**Provided data:**

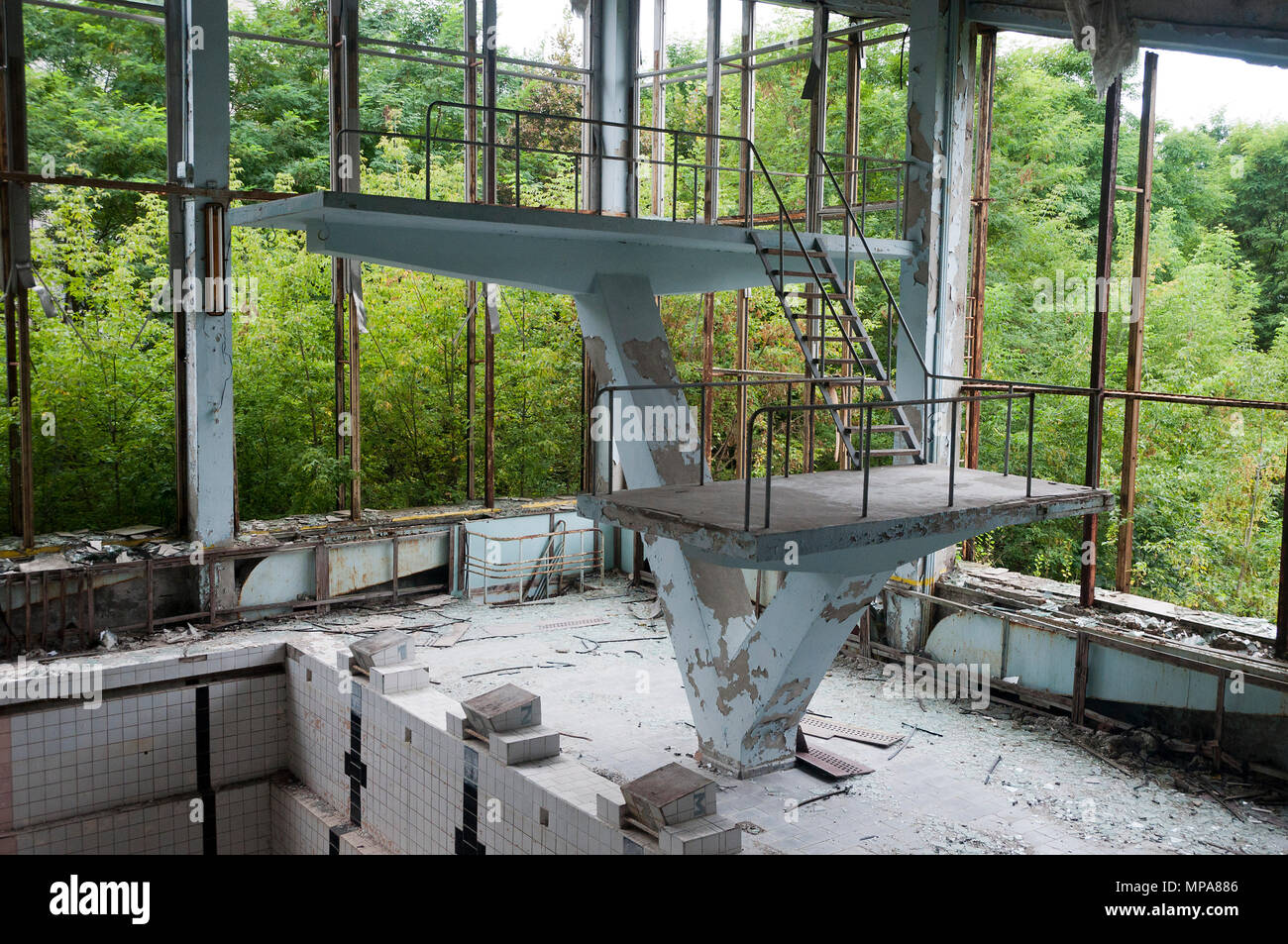 Pripyat swimming pool diving board after the Chernobyl disaster Stock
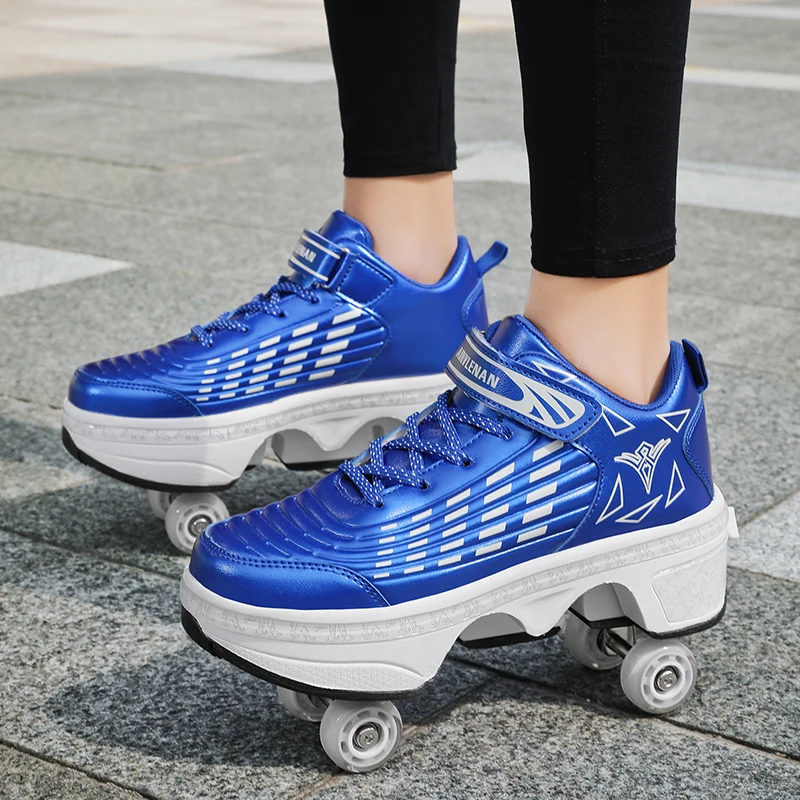 

Children Boy Girl Deformation Roller Skate Shoes with 4 Wheels Kids Wheel Skating Sneakers for Boys Girls Tennis Sneaker Shoes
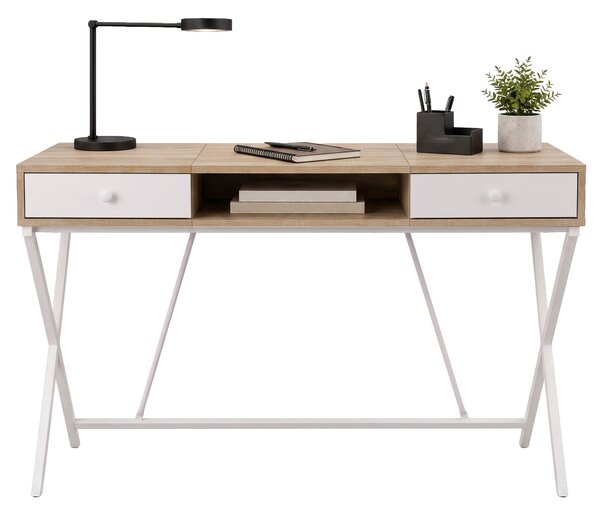 Ak furniture Písací stôl Crossline 120 cm biely/dub Sonoma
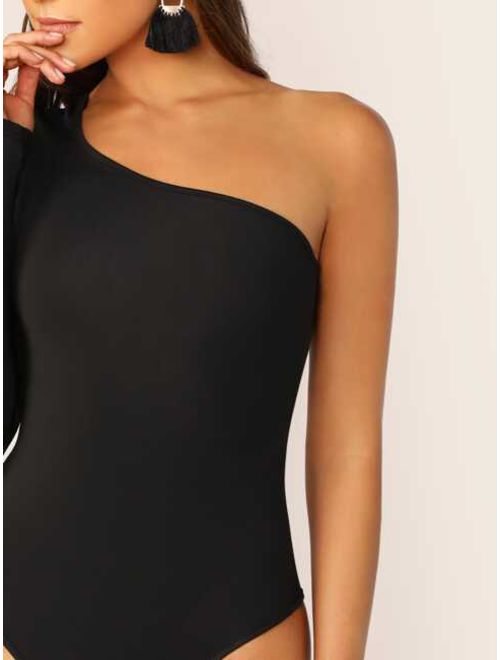 Shein One Shoulder Slim Fitted Bodysuit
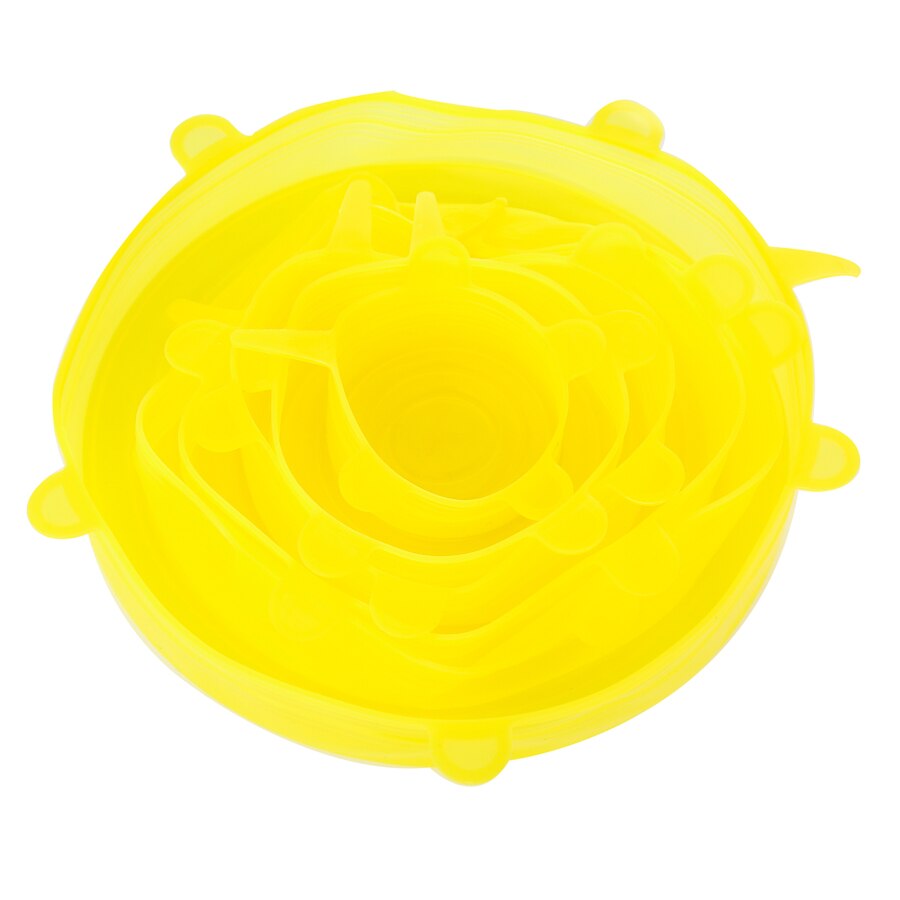 Tapas elásticas de silicona de grado alimenticio para tapa Universal de plástico transparente para comida, cuenco, olla, 6 uds.: Yellow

**Task details:** Return the entries above exactly, skipping any images.

**Answer space:**
 Pripyat swimming pool diving board after the Chernobyl disaster Stock

Children Boy Girl Deformation Roller Skate Shoes with 4 Wheels Kids Wheel Skating Sneakers for Boys Girls Tennis Sneaker Shoes
 Ak furniture Písací stôl Crossline 120 cm biely/dub Sonoma
 Shein One Shoulder Slim Fitted Bodysuit
 Tapas elásticas de silicona de grado alimenticio para tapa Universal de plástico transparente para comida, cuenco, olla, 6 uds.: Yellow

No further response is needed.